> **INSTRUCTIONS FOR THE TASK**: Retype exactly the lines of the listing below from the one with "Crystal Black Pearl" through the last, both included, and leave every picture out.

> **INPUT RECORDS**:
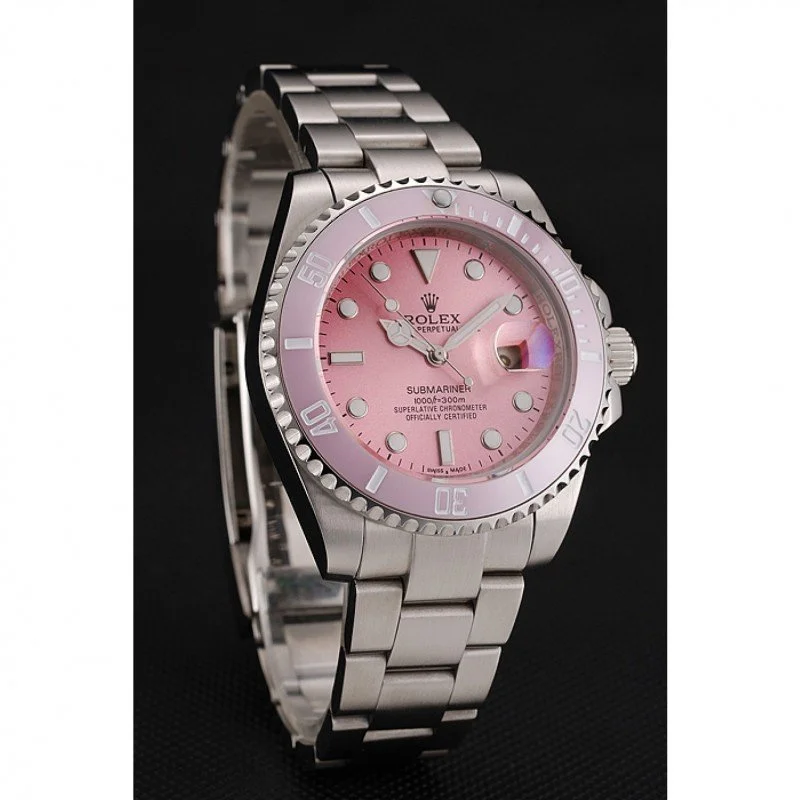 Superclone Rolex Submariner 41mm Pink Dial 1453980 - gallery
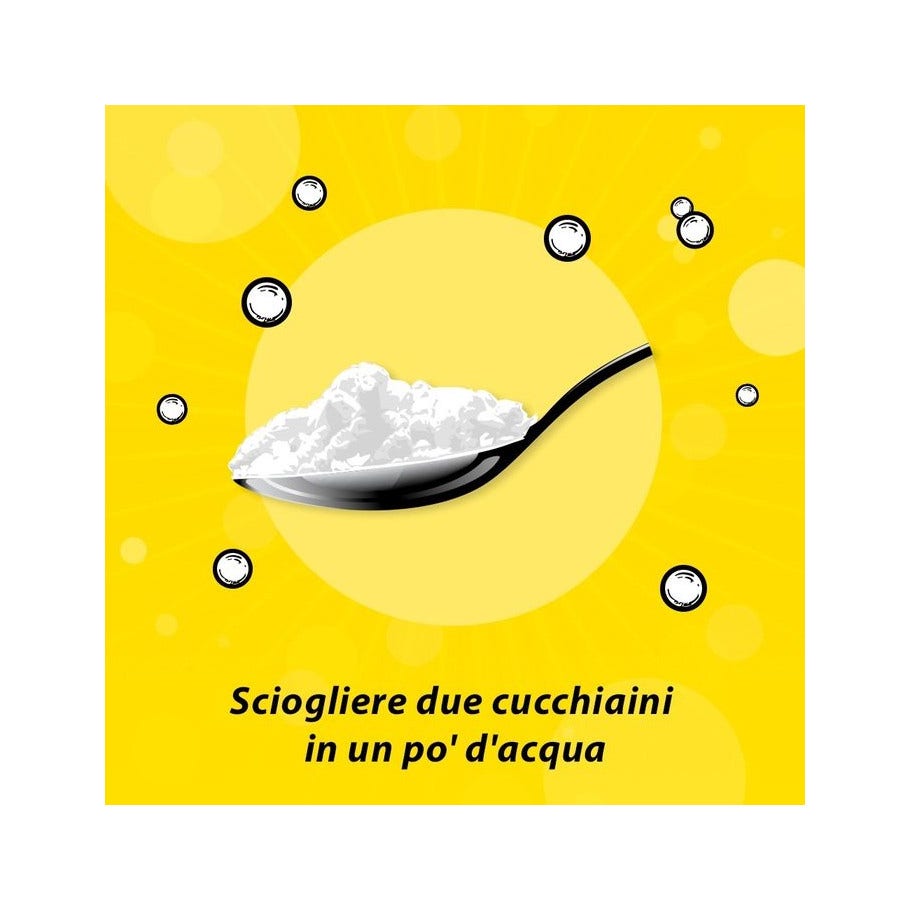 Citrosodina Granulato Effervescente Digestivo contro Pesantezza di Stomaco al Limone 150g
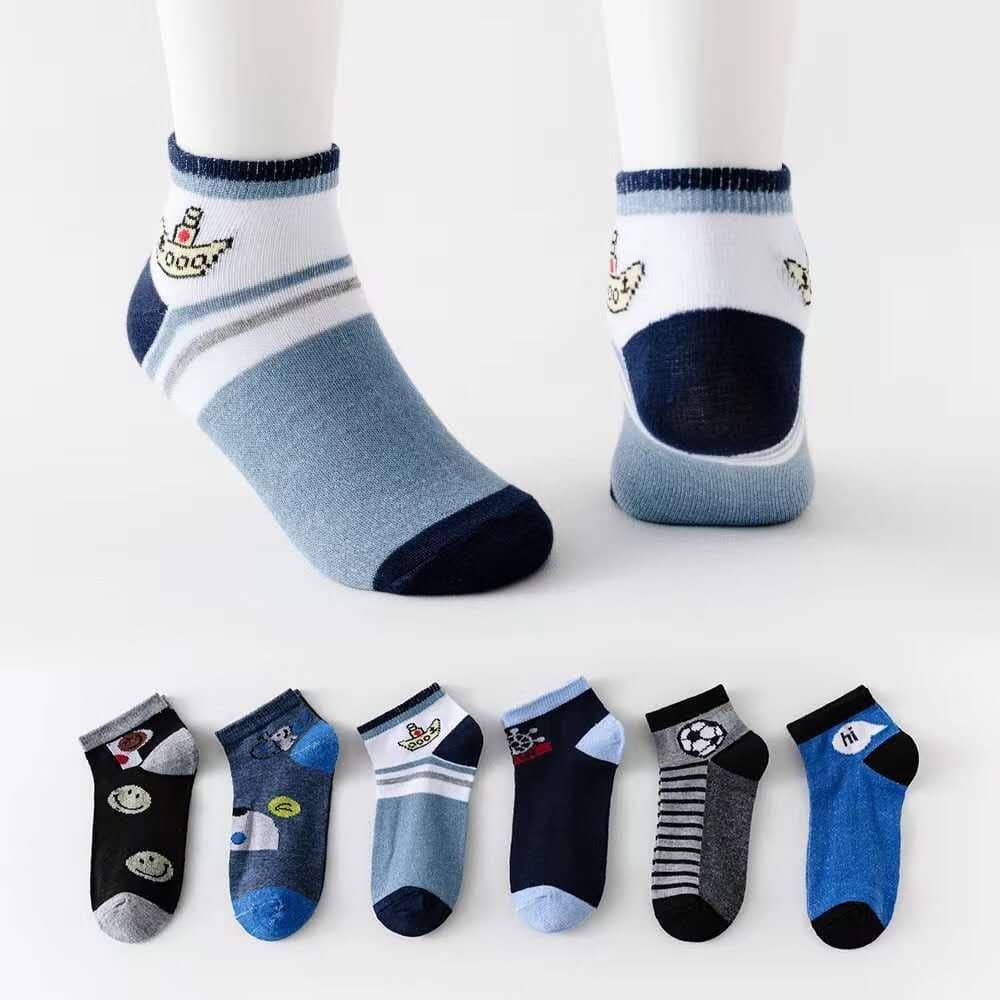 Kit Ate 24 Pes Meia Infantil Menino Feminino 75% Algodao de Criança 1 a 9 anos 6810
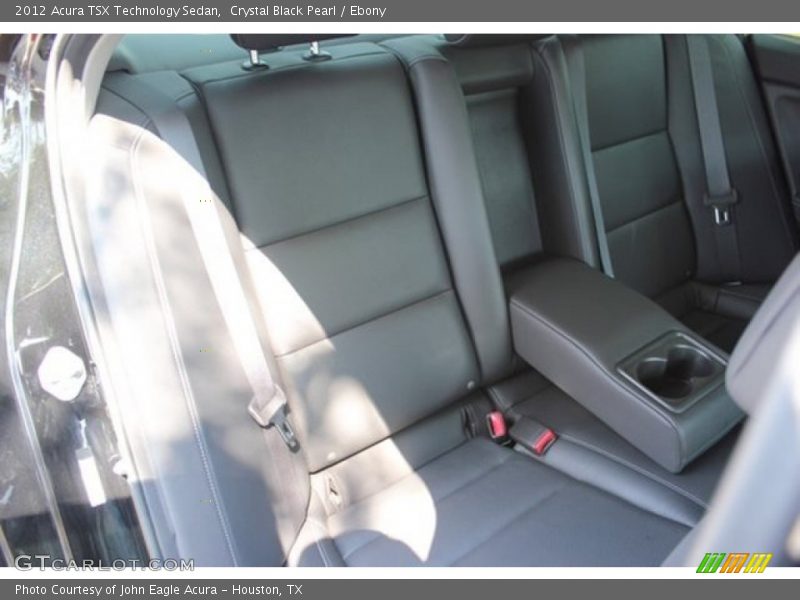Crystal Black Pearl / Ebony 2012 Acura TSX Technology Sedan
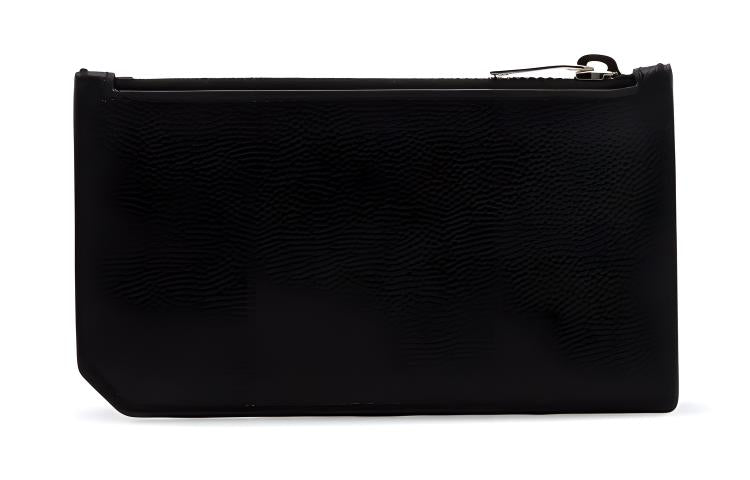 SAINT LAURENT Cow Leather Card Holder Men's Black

> **RESPONSE BOX**:
Crystal Black Pearl / Ebony 2012 Acura TSX Technology Sedan
 SAINT LAURENT Cow Leather Card Holder Men's Black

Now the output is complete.